Storage and access to employee medical records
Where a doctor is attending to employees on-site, extra care should be taken regarding security of confidential medical records. They should not be accessible by management or staff, but only the appointed medical and nursing staff. This remains true even in cases of litigation, where the records should be only disclosed to the employer with the express informed consent of the employee or on foot of a court order. In order to provide truly informed consent, the employee should be in full knowledge of to whom the records are likely to be disclosed. The Guide states: “Companies or their legal advisors or insurers have no automatic right of access to any medical records or reports.”
If the doctor ceases to provide occupational health services to the company, the records should be securely transferred to the new provider, and if the occupational health department ceases to operate, the records should be securely transferred to the patient’s GP – subject to the employee giving consent.
Many companies request that employees undergo regular screening for prohibited substances. As can be expected, this is an area beset with ethical complexities. Before agreeing to partake in such screening the doctor should ensure that the employee is clear on what the company policies state and what they require regarding disclosure. The employee’s consent is still required, even if testing is required by law as per Section 13 of the Safety Health and Welfare at Work Act 2005 or other legislation.
Unexpected clinical findings
Where a doctor, in the process of performing an examination makes an unexpected clinical finding, whether in the context of a screening assessment or if litigation is in being, they must act in the best interest of the patient and inform the patient of any follow up investigations or treatment that may be necessary, whether with their own GP or a specialist. The fact that a doctor is contracted by a company for the purpose of carrying out a report does not obviate the duty of care that a doctor has to a patient.

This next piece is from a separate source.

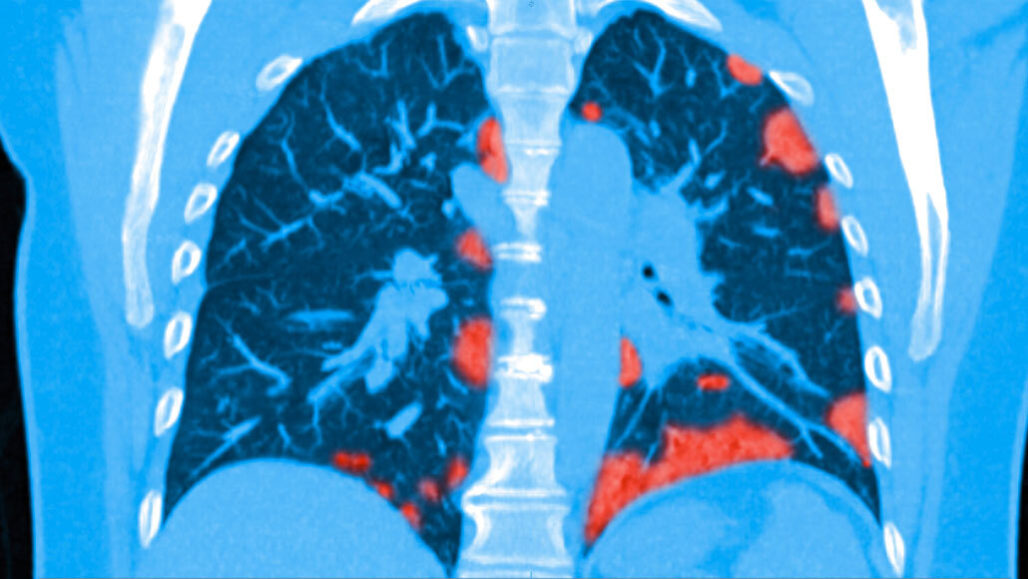 Hallan la segunda ‘llave’ que usa el covid-19 para penetrar en los pulmones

Often a doctor will be presented with a pre-employment or other medical form that is unsuitable for today’s general standards of medical forms. The doctor is not obliged to adhere to the exact questions and can give the information as they see fit for today’s standards of language, practice, and confidentiality.
In conclusion, these are but a few of the aspects of occupational health, which can give rise to challenges for practitioners. Any doctor who undertakes occupational health assessments and provides occupational health reports should, at the outset, clarify that both doctor and patient understand the reason for the assessment, the extent of the examination, and what information may be disclosed and the duty owed to all parties.
Remember that there are ultimately very few instances where patient consent is not necessary for disclosure of medical information to an employer. Whenever there is doubt – and often there is – consider referring the employee for independent occupational health assessment, and if guidance is needed, do contact your indemnifier for advice.